§ To do: Any picture must be dropped, but each line of the data should be duplicated exactly.

§ Source data:
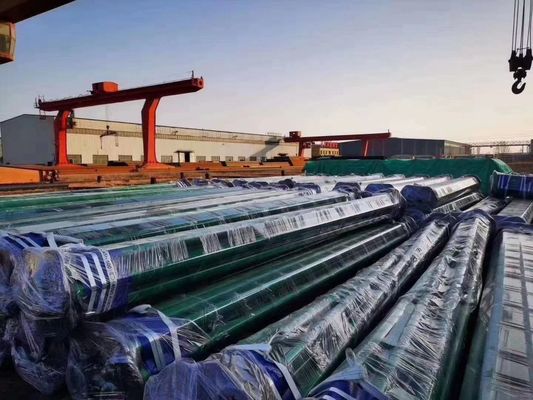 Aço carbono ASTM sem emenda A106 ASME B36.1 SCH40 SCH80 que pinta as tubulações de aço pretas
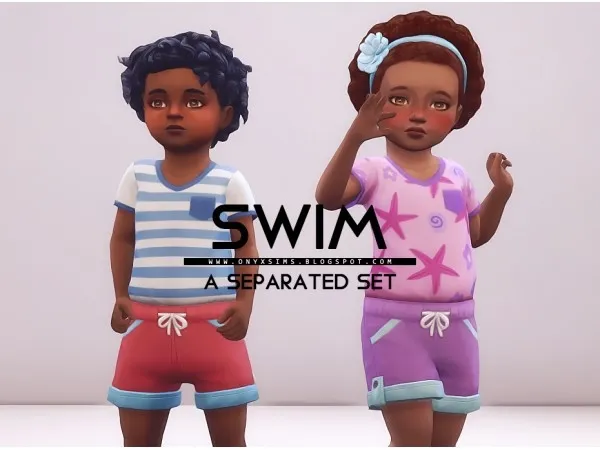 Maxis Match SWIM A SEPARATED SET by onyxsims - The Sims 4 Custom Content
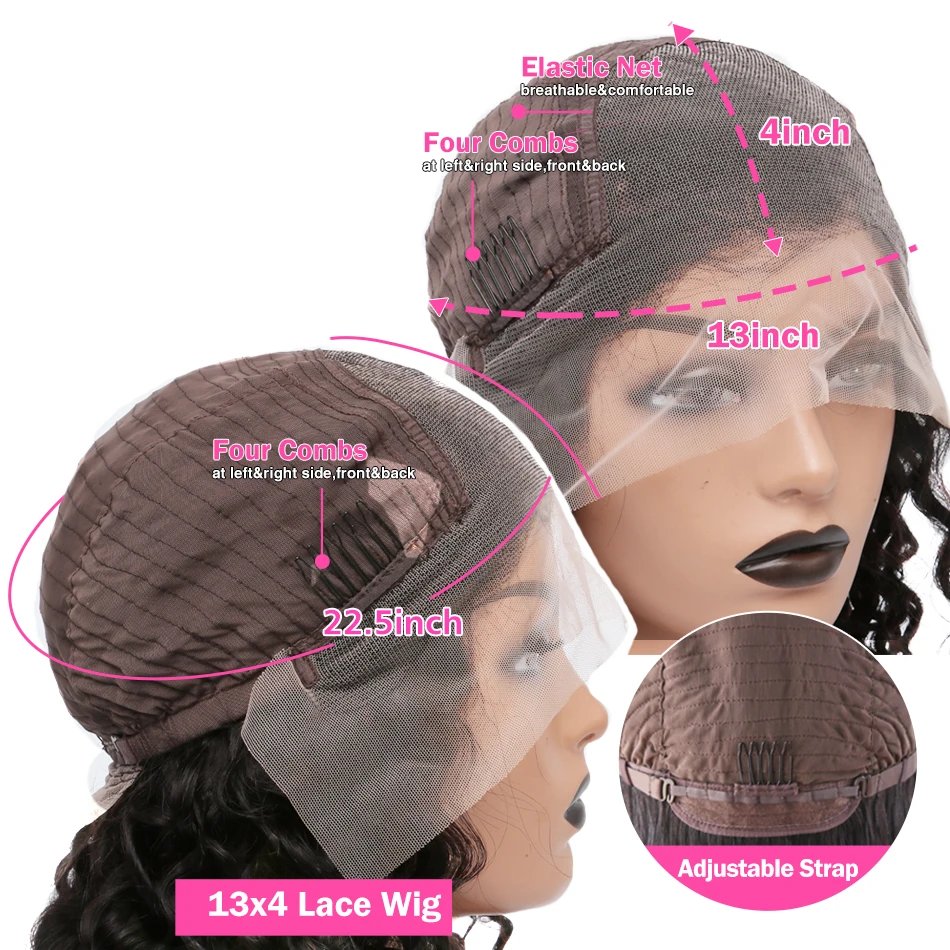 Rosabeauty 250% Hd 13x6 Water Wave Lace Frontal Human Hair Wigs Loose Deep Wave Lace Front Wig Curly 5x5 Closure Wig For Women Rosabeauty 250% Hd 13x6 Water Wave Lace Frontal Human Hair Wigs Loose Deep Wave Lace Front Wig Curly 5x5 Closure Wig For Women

§ Answer space:
 Aço carbono ASTM sem emenda A106 ASME B36.1 SCH40 SCH80 que pinta as tubulações de aço pretas
 Maxis Match SWIM A SEPARATED SET by onyxsims - The Sims 4 Custom Content
 Rosabeauty 250% Hd 13x6 Water Wave Lace Frontal Human Hair Wigs Loose Deep Wave Lace Front Wig Curly 5x5 Closure Wig For Women Rosabeauty 250% Hd 13x6 Water Wave Lace Frontal Human Hair Wigs Loose Deep Wave Lace Front Wig Curly 5x5 Closure Wig For Women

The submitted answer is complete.